Como me estou, novamente, a perder e como não quero, de forma alguma, ser mal interpretado – porque gosto muito de ciclismo e de andar de bicicleta – voltemos àquilo que realmente importa, os automóveis. Cada vez mais seguros, bem equipados e evoluídos. E “desligados”. E frios, também. Meros meios de transporte com os quais é difícil criar ligação. São excelentes meios de transporte, mas onde está a emoção? Como pode alguém que se diz fã de automóveis e da sua condução ficar entusiasmado com a ideia de ir dentro do seu carro a ler, costurar, jogar ou a fazer outra qualquer actividade enquanto este o leva ao seu destino? Tenho uma relação muito mais próxima com o meu aspirador do que alguma vez terei com um automóvel que se conduza sozinho. Vou achar giro. Vou ficar impressionado com a tecnologia, com aquilo de que somos capazes de desenvolver enquanto seres inteligentes. Mas ficar entusiasmado com a condução autónoma? Acho que preferia fazer uma endoscopia todas as sextas.

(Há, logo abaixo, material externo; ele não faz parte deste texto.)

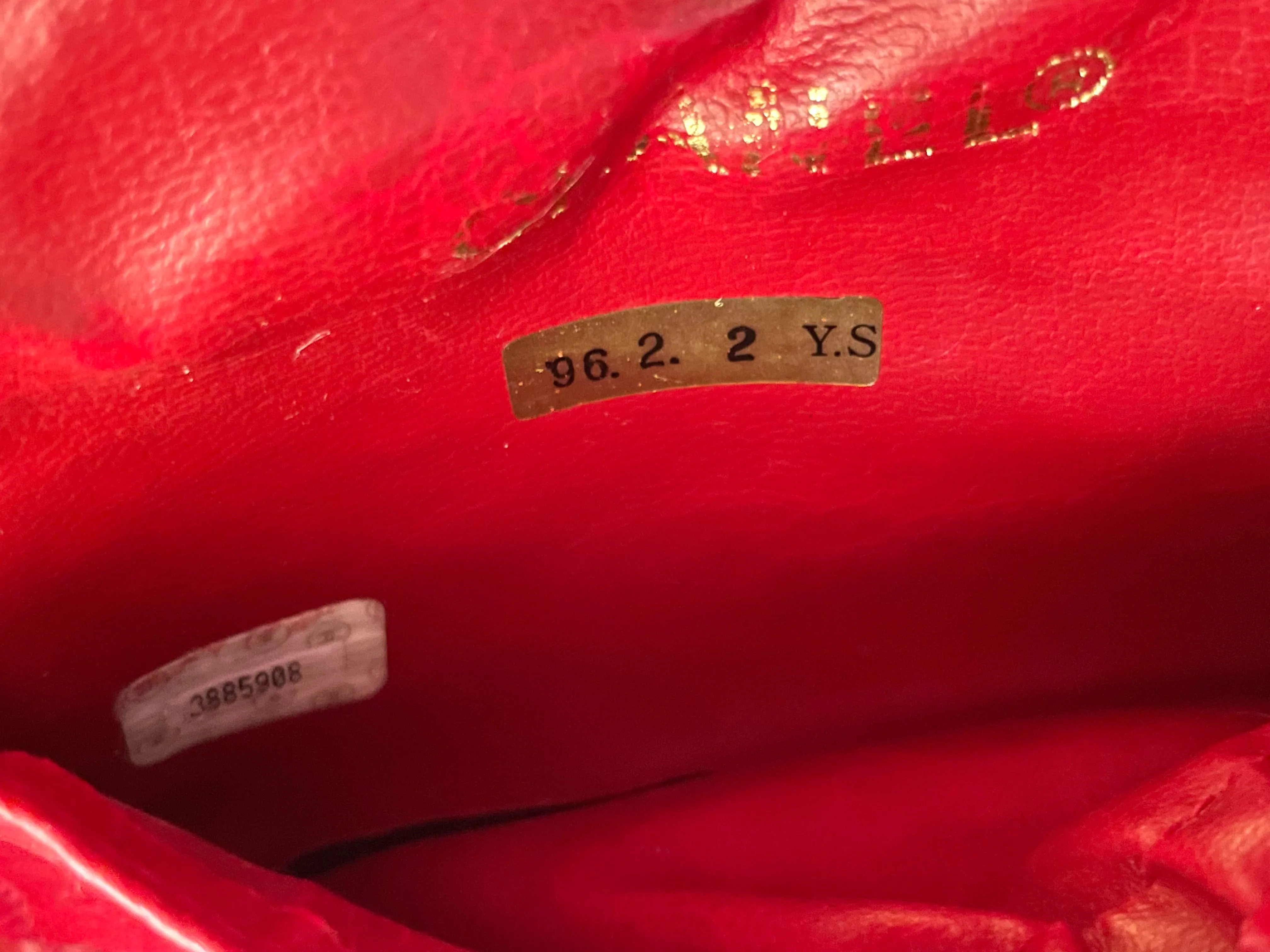 Vintage CHANEL lipstick red caviar leather cosmetic and toiletry pouch, makeup case bag. Very chic vanity purse. Must have. 0411112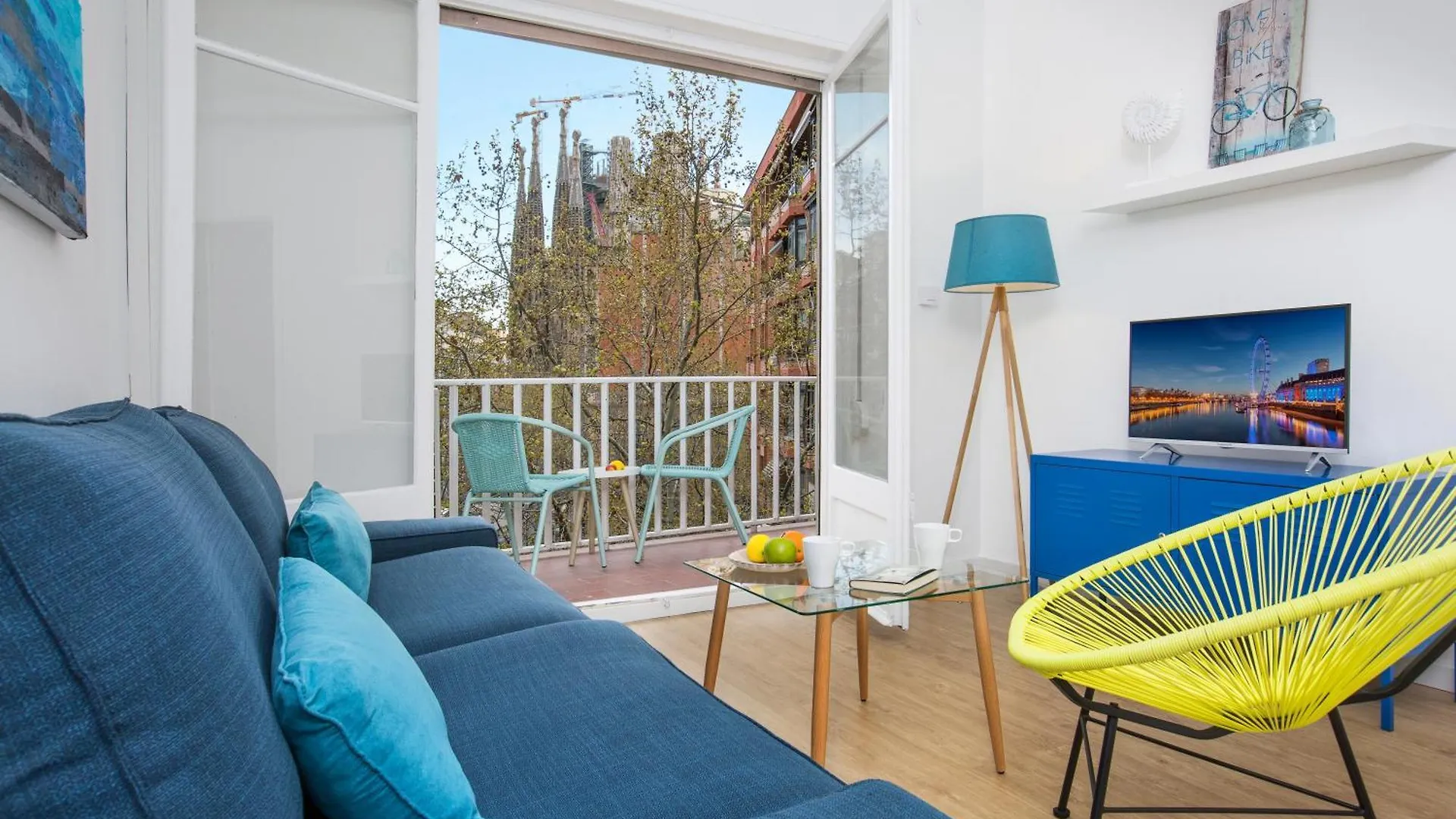 ברצלונה Stay U-Nique Apartments Gaudi I 0*,  ספרד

E claro, para muitos, a fonte do problema, a montante deste rio de automóveis que nos levam em segurança, conforto, estilo e de forma ambientalmente responsável de A a B sem qualquer ligação, emoção ou romantismo, são as marcas e, principalmente, as pessoas que lá estão a trabalhar, todos os dias. Mas será mesmo assim? Serão as marcas e os seus desenhadores, projectistas, engenheiros, marketeers e tantos outros elementos essenciais completamente desprovidos de qualquer ligação com o automóvel, com a sua história e indiscutível importância na vertente emocional das nossas vidas? Não acredito. A culpa é nossa. De todos nós. Gostamos de automóveis ou gostamos de dizer que gostamos de automóveis? Mais uma vez não quero generalizar, mas acho que a segunda opção ganha esta luta. “Eu fiz, fui, faço, vou e aconteço. E adoro automóveis.” Só que não. O que a maior parte adora é ter um automóvel. Isso não está errado, porque o automóvel fez, faz e fará muito pelas vidas de todos nós. Mas uma coisa é gostar de o ter porque é cómodo, outra coisa é GOSTAR de o ter. Porque SIM. E não ter vergonha de o admitir porque a moda é ter uma Bimby na cozinha e outra na garagem.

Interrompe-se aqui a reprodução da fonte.